En lo que respecta a la antigua Unión Soviética, el secretario de Estado, James Baker, convocó en diciembre de 1991 una conferencia en Washington para debatir el problema con decenas de países, pero eso fue solamente después de que la Comunidad Europea llevara ya tiempo ayudando a los nuevos países. Cuando la conferencia, Finalmente, se celebró en enero, todo quedó en un gran, y hasta ahora ineficaz, desfile de ministros.
¿Qué sucede, en la política exterior norteamericana?

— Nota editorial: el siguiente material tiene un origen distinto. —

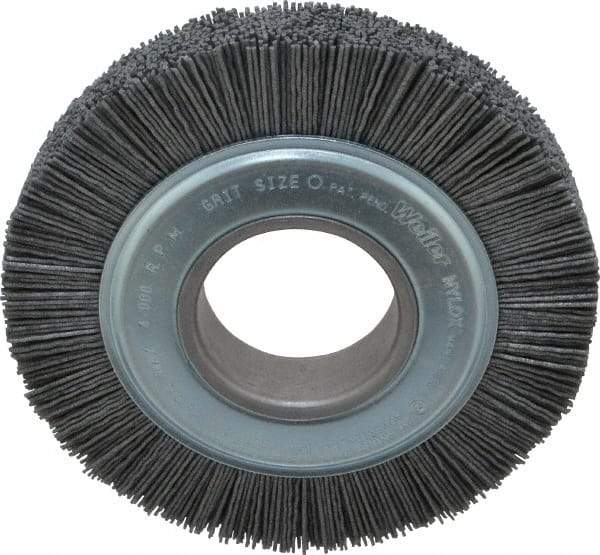 Weiler - 6" OD, 2" Arbor Hole, Crimped Nylon Wheel Brush - 1" Face Width, 1-1/4" Trim Length, 0.04" Filament Diam, 3,600 RPM - Makers Industrial Supply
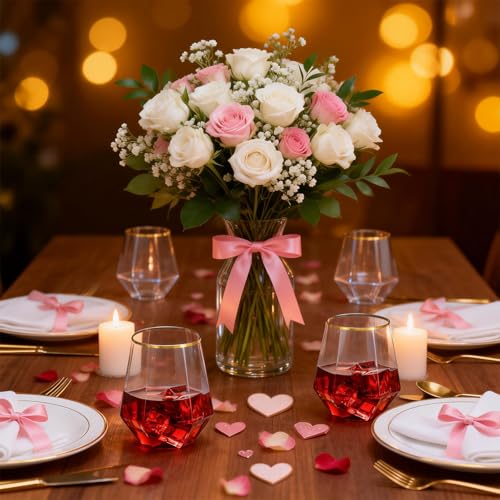 Goodluck 40 PCS Diamond Stemless Plastic Wine Whiskey Glasses, 12 Oz Disposable Cocktail Glasses, Suitable for Weddings, B...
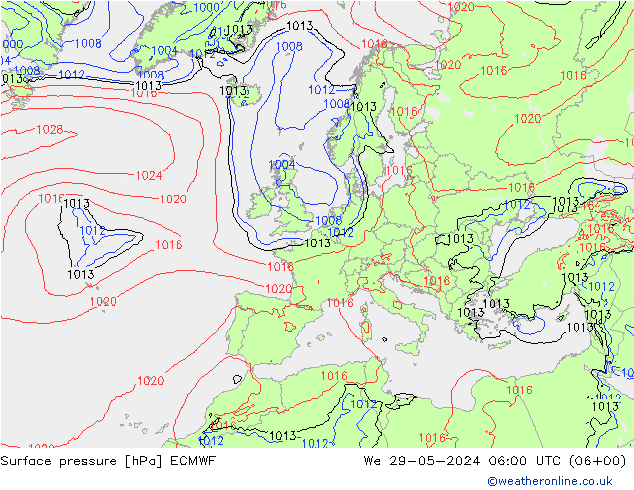 Luchtdruk (Grond) ECMWF wo 29.05.2024 06 UTC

Este alejamiento de Washington de los grandes conflictos ¿es una mera consecuencia del nuevo orden mundial o está forzado por los problemas internos de la economía de EE UU?
Pocos recursos humanos
Morton Kondracke, director de la revista política The New Republic, afirma que la crisis de la política exterior de este país está provocada por la falta de recursos humanos en el Departamento de Estado y por las fuertes discrepancias entre los principales hombres del entorno al presidente Bush.
A diferencia de otros secretarios de Estado, James Baker maneja el mundo con apenas media docena de asesores. Su mano derecha, el director del departamento de planificación política, Dennis Ross, es, al mismo tiempo, el principal responsable de la Comunidad de Estados Independientes y de Oriento Próximo.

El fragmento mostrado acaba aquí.